YOUR TASK: Copy out each line of the data that holds the word "para".

[[ EXERCISE INPUT open ]]

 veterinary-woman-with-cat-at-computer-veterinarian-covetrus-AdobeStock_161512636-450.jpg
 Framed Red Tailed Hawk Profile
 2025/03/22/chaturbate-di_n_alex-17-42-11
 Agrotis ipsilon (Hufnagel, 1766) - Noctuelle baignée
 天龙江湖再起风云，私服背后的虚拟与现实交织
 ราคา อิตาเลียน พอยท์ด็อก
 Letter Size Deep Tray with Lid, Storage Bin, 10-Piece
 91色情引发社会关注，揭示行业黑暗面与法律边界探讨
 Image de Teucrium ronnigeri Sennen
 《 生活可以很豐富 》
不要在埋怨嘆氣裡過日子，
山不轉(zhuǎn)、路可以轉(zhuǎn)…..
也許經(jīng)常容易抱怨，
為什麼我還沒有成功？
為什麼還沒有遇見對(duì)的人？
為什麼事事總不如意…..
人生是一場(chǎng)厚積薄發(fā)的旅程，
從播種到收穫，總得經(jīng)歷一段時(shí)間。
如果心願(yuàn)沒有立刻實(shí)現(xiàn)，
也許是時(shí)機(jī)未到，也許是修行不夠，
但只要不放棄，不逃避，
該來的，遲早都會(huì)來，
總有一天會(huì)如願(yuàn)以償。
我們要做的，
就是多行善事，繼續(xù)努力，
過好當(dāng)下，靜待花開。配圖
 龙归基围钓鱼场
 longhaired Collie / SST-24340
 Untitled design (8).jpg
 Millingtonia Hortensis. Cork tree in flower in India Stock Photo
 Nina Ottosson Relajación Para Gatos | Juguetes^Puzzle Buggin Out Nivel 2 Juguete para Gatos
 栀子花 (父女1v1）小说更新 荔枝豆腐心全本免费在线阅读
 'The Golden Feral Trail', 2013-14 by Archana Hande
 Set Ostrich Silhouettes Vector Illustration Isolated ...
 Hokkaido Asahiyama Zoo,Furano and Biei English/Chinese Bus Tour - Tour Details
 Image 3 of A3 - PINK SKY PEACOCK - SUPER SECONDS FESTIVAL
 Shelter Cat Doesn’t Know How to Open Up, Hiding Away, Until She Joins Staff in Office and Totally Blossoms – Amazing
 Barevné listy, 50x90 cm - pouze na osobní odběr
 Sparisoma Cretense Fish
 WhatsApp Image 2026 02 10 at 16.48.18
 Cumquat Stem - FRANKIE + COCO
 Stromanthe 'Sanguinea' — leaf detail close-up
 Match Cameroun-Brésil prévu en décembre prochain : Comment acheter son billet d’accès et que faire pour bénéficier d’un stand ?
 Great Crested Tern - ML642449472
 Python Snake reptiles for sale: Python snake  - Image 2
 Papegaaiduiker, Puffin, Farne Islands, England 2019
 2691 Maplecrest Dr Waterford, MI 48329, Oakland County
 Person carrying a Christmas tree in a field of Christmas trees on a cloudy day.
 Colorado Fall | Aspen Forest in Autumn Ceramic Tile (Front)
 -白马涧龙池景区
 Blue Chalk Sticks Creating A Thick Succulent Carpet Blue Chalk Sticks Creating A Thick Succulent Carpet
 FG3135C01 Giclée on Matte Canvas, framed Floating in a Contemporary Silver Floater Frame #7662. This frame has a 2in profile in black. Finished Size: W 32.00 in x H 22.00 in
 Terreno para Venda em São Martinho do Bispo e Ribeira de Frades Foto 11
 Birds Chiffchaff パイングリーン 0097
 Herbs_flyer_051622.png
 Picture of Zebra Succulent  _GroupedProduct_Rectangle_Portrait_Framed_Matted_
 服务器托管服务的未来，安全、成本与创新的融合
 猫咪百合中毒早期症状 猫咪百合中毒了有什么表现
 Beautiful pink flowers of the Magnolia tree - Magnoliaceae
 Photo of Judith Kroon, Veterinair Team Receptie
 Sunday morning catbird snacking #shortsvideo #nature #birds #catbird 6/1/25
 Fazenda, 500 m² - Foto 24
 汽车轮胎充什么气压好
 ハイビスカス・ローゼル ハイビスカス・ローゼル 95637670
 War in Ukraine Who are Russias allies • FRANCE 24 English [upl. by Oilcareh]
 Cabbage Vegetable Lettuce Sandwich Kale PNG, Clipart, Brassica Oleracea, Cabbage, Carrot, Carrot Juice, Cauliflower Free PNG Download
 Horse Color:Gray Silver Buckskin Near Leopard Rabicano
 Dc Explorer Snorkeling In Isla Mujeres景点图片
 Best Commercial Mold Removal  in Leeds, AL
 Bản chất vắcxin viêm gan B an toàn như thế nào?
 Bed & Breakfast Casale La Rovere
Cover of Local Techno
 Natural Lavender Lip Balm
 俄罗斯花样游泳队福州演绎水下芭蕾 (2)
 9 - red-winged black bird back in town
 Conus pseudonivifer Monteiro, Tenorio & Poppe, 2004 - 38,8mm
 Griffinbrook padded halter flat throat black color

[[ EXERCISE INPUT closed ]]

RESULT:
 Nina Ottosson Relajación Para Gatos | Juguetes^Puzzle Buggin Out Nivel 2 Juguete para Gatos
 Terreno para Venda em São Martinho do Bispo e Ribeira de Frades Foto 11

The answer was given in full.